Davis was one of the founders of Critical Resistance, a national grassroots organization dedicated to building a movement to abolish the prison–industrial complex.[72] In recent works, she has argued that the US prison system more closely resembles a new form of slavery than a criminal justice system. According to Davis, between the late 19th century and the mid-20th century, the number of prisons in the United States sharply increased but crime rates continued to fall. She argues that racism in American society during this time was demonstrated by the disproportionate share of the African-American population who were incarcerated. "What is effective or just about this 'justice' system?", she urged people to ask.[73]

Davis has lectured at Rutgers University, San Francisco State University, Stanford University, Smith College, Bryn Mawr College, Brown University, Syracuse University, and other schools. As most of her teaching is at the graduate level, she says that she concentrates more on posing questions that encourage development of critical thinking than on imparting knowledge.[6] In 1997, she identified as a lesbian in Out magazine.[74]

As early as 1969, Davis began public speaking engagements. She expressed her opposition to the Vietnam War, racism, sexism, and the prison–industrial complex, and her support of gay rights and other social justice movements. In 1969, she blamed imperialism for the troubles oppressed populations suffer:

We are facing a common enemy and that enemy is Yankee Imperialism, which is killing us both here and abroad. Now I think anyone who would try to separate those struggles, anyone who would say that in order to consolidate an anti-war movement, we have to leave all of these other outlying issues out of the picture, is playing right into the hands of the enemy, she declared.[75]

In 2001 she publicly spoke against the war on terror following the 9/11 attacks, continued to criticize the prison–industrial complex, and discussed the broken immigration system. She said that to solve social justice issues, people must "hone their critical skills, develop them and implement them." Later, in the aftermath of Hurricane Katrina in 2005, she declared that the "horrendous situation in New Orleans" was due to the country's structural racism, capitalism, and imperialism.[76]

Davis opposed the 1995 Million Man March, arguing that the exclusion of women from this event promoted male chauvinism. She said that Louis Farrakhan and other organizers appeared to prefer that women take subordinate roles in society. Together with Kimberlé Crenshaw and others, she formed the African American Agenda 2000, an alliance of Black feminists.[77]

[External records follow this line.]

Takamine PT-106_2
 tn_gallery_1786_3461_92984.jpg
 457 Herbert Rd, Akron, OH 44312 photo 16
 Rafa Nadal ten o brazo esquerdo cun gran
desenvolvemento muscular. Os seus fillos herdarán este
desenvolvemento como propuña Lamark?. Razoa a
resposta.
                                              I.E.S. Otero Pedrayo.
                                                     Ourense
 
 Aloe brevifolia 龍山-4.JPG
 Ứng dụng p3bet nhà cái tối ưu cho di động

Davis at the University of Alberta, March 28, 2006.

Davis has continued to oppose the death penalty. In 2003, she lectured at Agnes Scott College, a liberal arts women's college in Atlanta, Georgia, on prison reform, minority issues, and the ills of the criminal justice system.[78]

At the University of California, Santa Cruz, Davis participated in a 2004 panel concerning Kevin Cooper. She also spoke in defense of Stanley "Tookie" Williams on panels in 2005[79] and 2009.[80]

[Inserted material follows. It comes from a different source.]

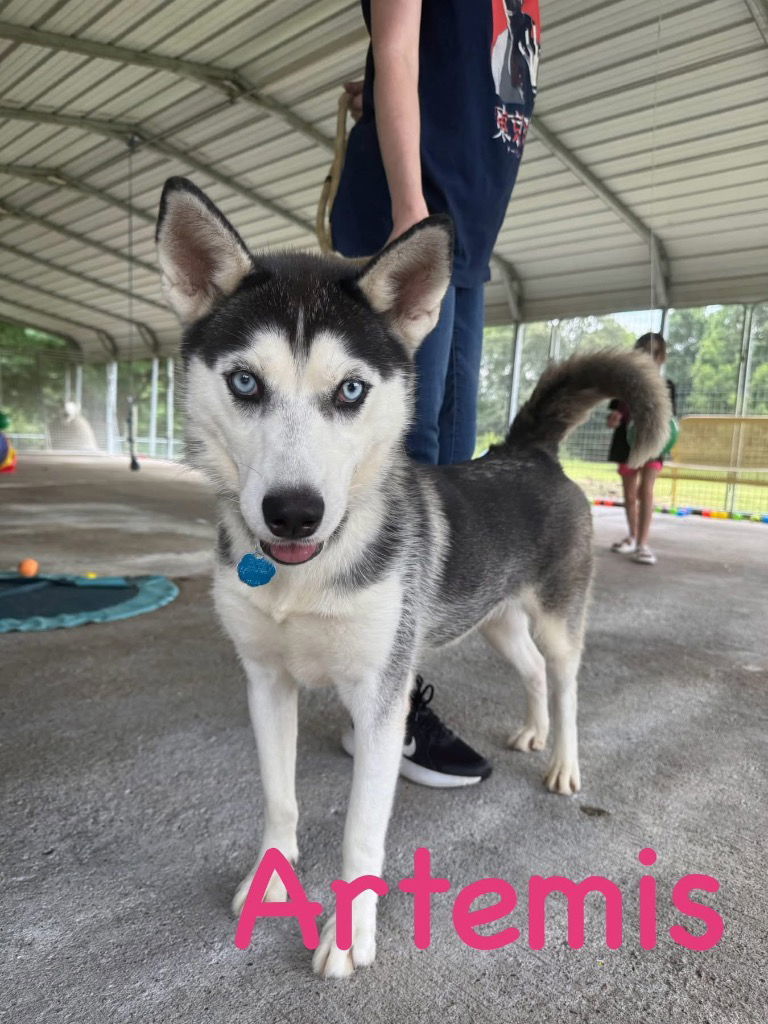 Artemis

In 2008, Davis was a keynote speaker at Vanderbilt University's conference, "Who Speaks for the Negro?".[81] She has visited Vanderbilt twice since then, most recently to give the Commemorative Murray Lecture on February 25, 2015, on college activism.[82]

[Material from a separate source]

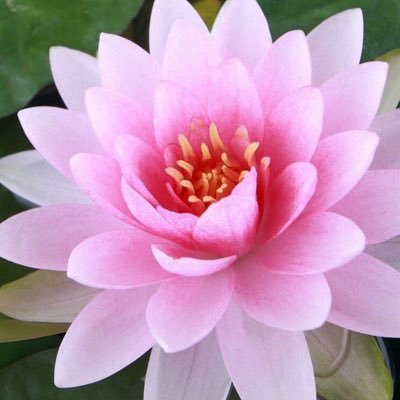 harumi76880781's profile picture. 1日1歩💕 3歩進んで2歩さがっても😊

On April 16, 2009, she was the keynote speaker at the University of Virginia Carter G. Woodson Institute for African American and African Studies symposium on The Problem of Punishment: Race, Inequity, and Justice.[83]

On October 31, 2011, Davis spoke at the Philadelphia and Washington Square Occupy Wall Street assemblies. Due to restrictions on electronic amplification, her words were human microphoned.[84][85] In 2012 Davis was awarded the 2011 Blue Planet Award, an award given for contributions to humanity and the planet.[86]

At the 27th Empowering Women of Color Conference in 2012, Davis said she was a vegan.[87] She has called for the release of Rasmea Odeh, associate director at the Arab American Action Network, who was convicted of immigration fraud.[88][89][90][91][92][93]

On January 23, 2012, Davis was the Rhode Island School of Design's MLK Celebration Series keynote speaker and 2012 Honoree.[94]

Davis supports the Boycott, Divestment and Sanctions campaign against Israel.[95]

Davis was an honorary co-chair of the January 21, 2017 Women's March on Washington, which occurred the day after President Trump's inauguration. The organizers' decision to make her a featured speaker was criticized from the right by Humberto Fontova[96] and National Review.[97] Libertarian journalist Cathy Young wrote that Davis's "long record of support for political violence in the United States and the worst of human rights abusers abroad" undermined the march.[98]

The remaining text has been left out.